Exercise:
Write out all of the records below precisely as given, omitting the images.

The input:
+ + + + + + +

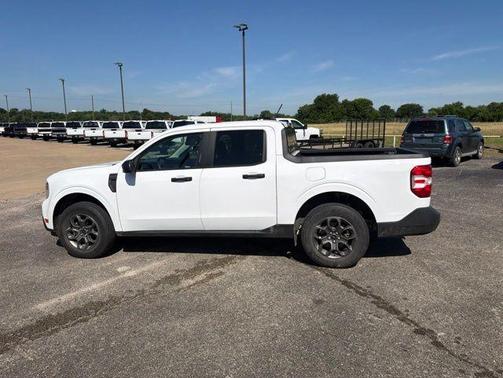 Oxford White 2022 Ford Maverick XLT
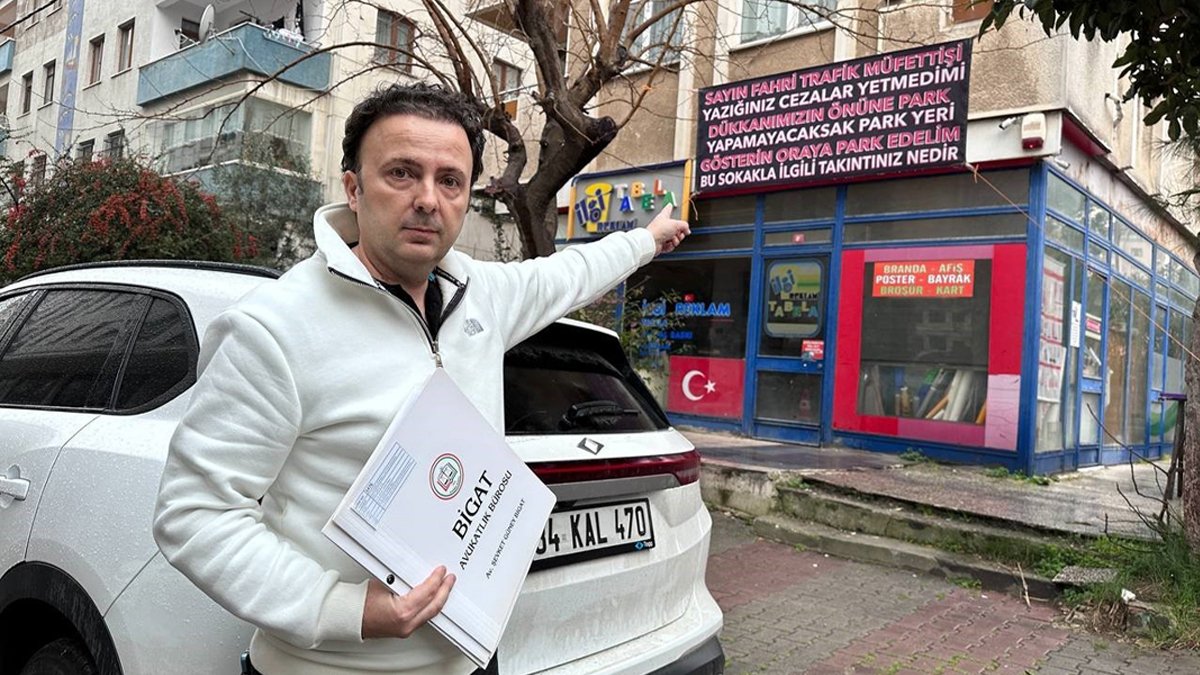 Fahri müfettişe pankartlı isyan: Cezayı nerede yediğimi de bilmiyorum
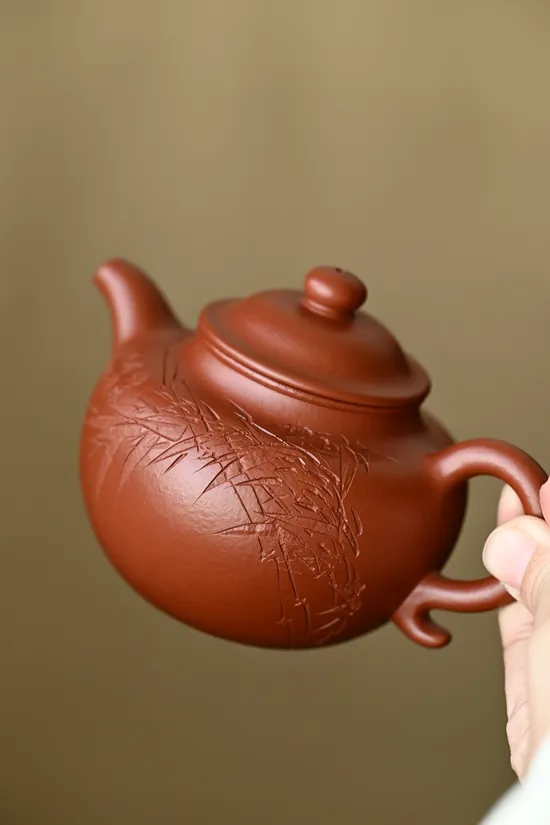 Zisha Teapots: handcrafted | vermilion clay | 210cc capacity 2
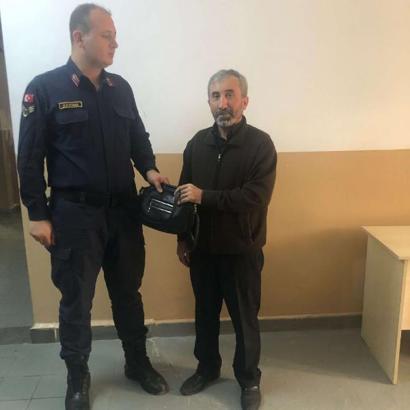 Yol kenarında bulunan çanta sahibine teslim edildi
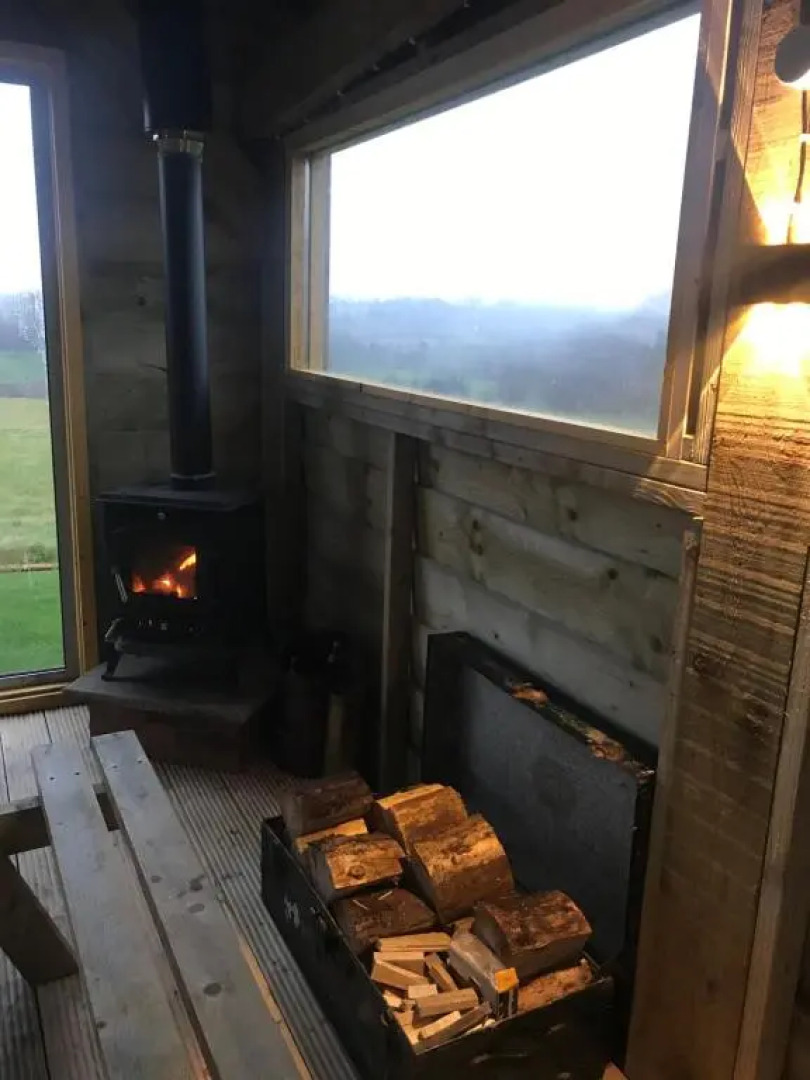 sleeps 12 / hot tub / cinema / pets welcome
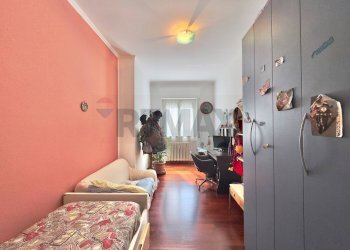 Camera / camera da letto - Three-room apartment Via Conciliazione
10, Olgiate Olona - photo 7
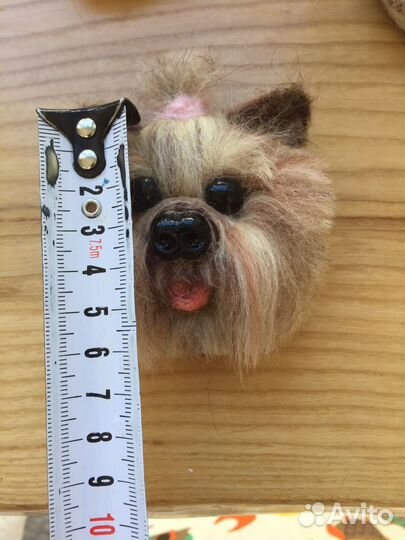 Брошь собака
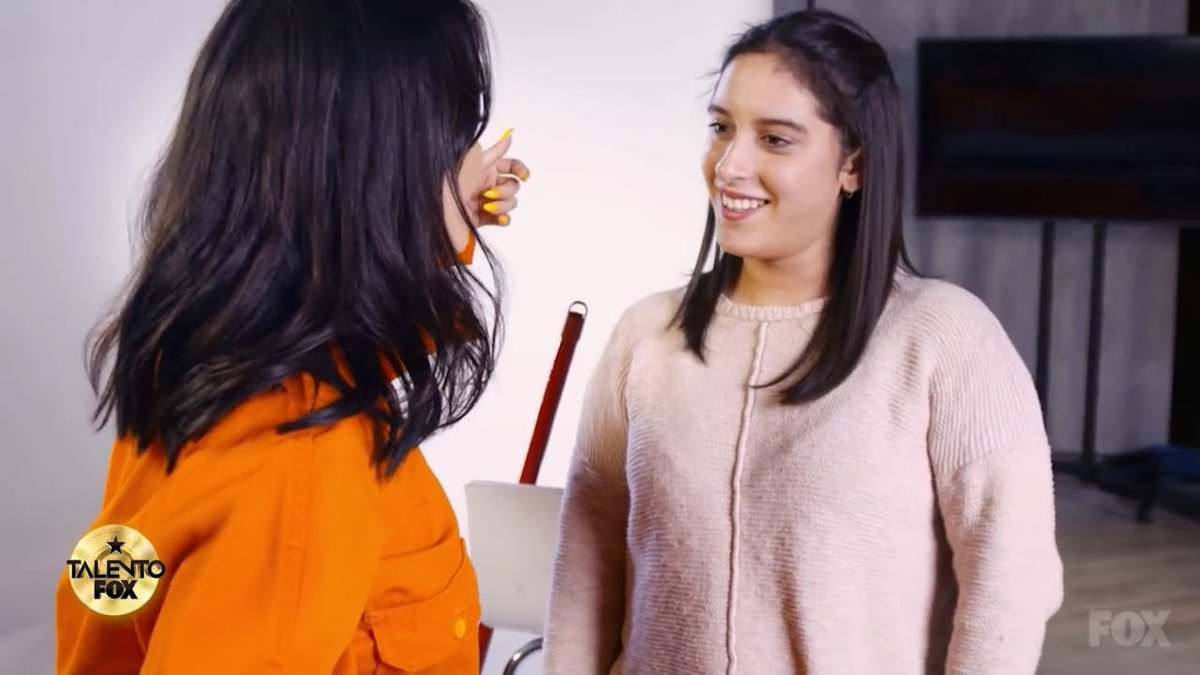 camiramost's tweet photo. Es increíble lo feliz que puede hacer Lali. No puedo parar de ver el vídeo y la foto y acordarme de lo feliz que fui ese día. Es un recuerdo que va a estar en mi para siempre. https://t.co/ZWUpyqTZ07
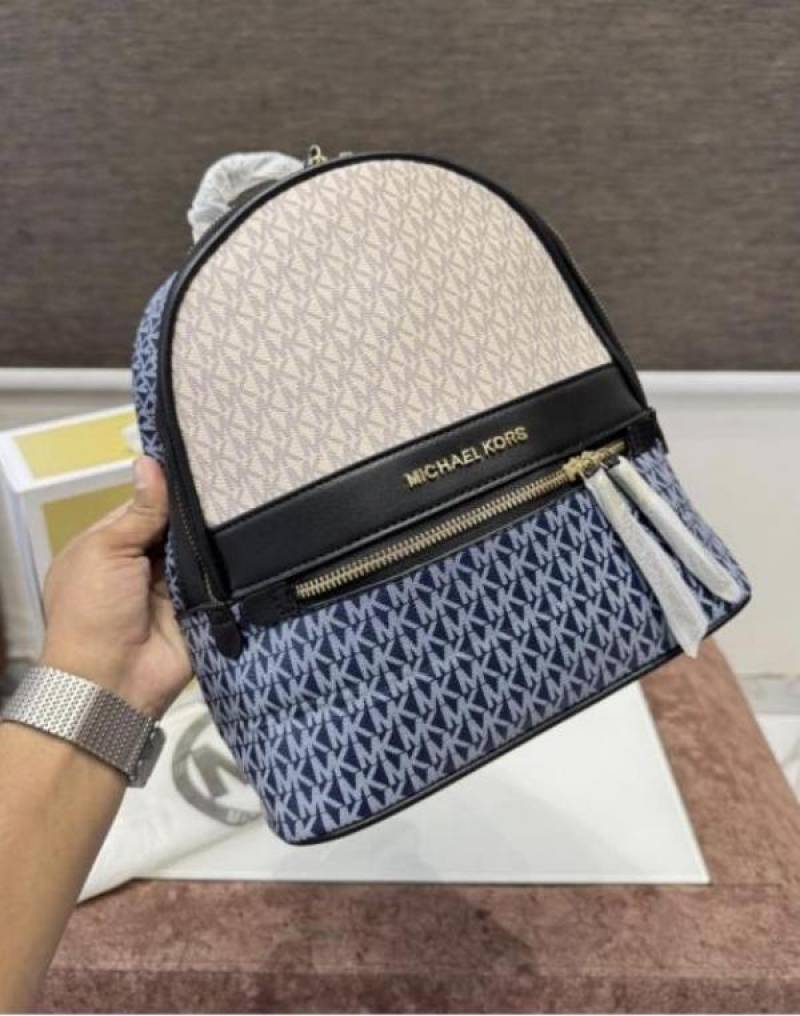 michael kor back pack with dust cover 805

+ + + + + + +

Exercise output:
 Oxford White 2022 Ford Maverick XLT
 Fahri müfettişe pankartlı isyan: Cezayı nerede yediğimi de bilmiyorum
 Zisha Teapots: handcrafted | vermilion clay | 210cc capacity 2
 Yol kenarında bulunan çanta sahibine teslim edildi
 sleeps 12 / hot tub / cinema / pets welcome
 Camera / camera da letto - Three-room apartment Via Conciliazione
10, Olgiate Olona - photo 7
 Брошь собака
 camiramost's tweet photo. Es increíble lo feliz que puede hacer Lali. No puedo parar de ver el vídeo y la foto y acordarme de lo feliz que fui ese día. Es un recuerdo que va a estar en mi para siempre. https://t.co/ZWUpyqTZ07
 michael kor back pack with dust cover 805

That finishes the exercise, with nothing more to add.